I just recently had a "Doggie Social" to try and build up my business and it went very well except for one thing... My roommates were there with a camera. They just emailed the results to me and I'm not happy. For one thing dog photography is an art, you have to work hard get them when they are still. So none of the pictures really came out. The other thing that doesn't make me happy is...there are pictures of me. Dear Lord I look like my mother.
I got old and matronly when I wasn't looking. I hate these pictures...HATE THEM. I have a man in my life who shall remain nameless (see hon told ya) and he tells me I'm cute and sexy all the time. Most of the time I believe him. He sees something that is still there. So okay maybe it was just a bad shot..wait there are like ten shots...and I hate them all. What's really funny is that she doesn't appear in my mirror, this woman, only in photographs. Hmmmmmm, where did she come from?
I recently quit smoking (in the last 7 months) and went on the pill. Neither one of those things are doing anything for my girlish (HA) figure, but I'll be damned if I give in to this mother thing.
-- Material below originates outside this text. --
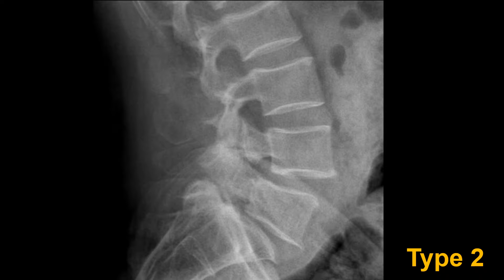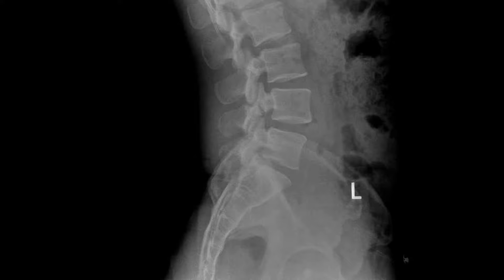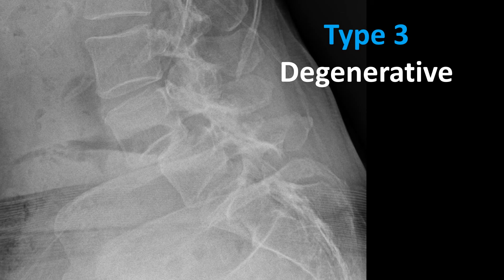In this example there is a spondylolysis or pars defect of L4 but no obvious evidence of anterior translation. This would be referred to as a spondylolysis of L4 without evidence of anterolisthesis.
I called a friend of mine last night who is always a source of good thoughts for me. He usually can always build me up. This time he said " you think that's bad, wait until you're forty" Noooooooo, I won't do it, I won't believe it, I won't accept it. I don't want to be my mother or look like her yet. She's not unattractive by any means I'm just not ready
What about Demi Moore and Michelle Pfeffier? They aren't you, oh..... better genes maybe? Better plastic surgeon? Whatever I WILL NOT give in to this. So starting as of two days ago I have decided to fight it, rail against it....do everything I can. My former "good thoughts" friend told me to give up (he's not really former I'm just ticked at him) but I'm just getting started. Read this and believe me I am just getting started and I am going to make that matronly woman in the picture go away...at least until I'm 70 or so.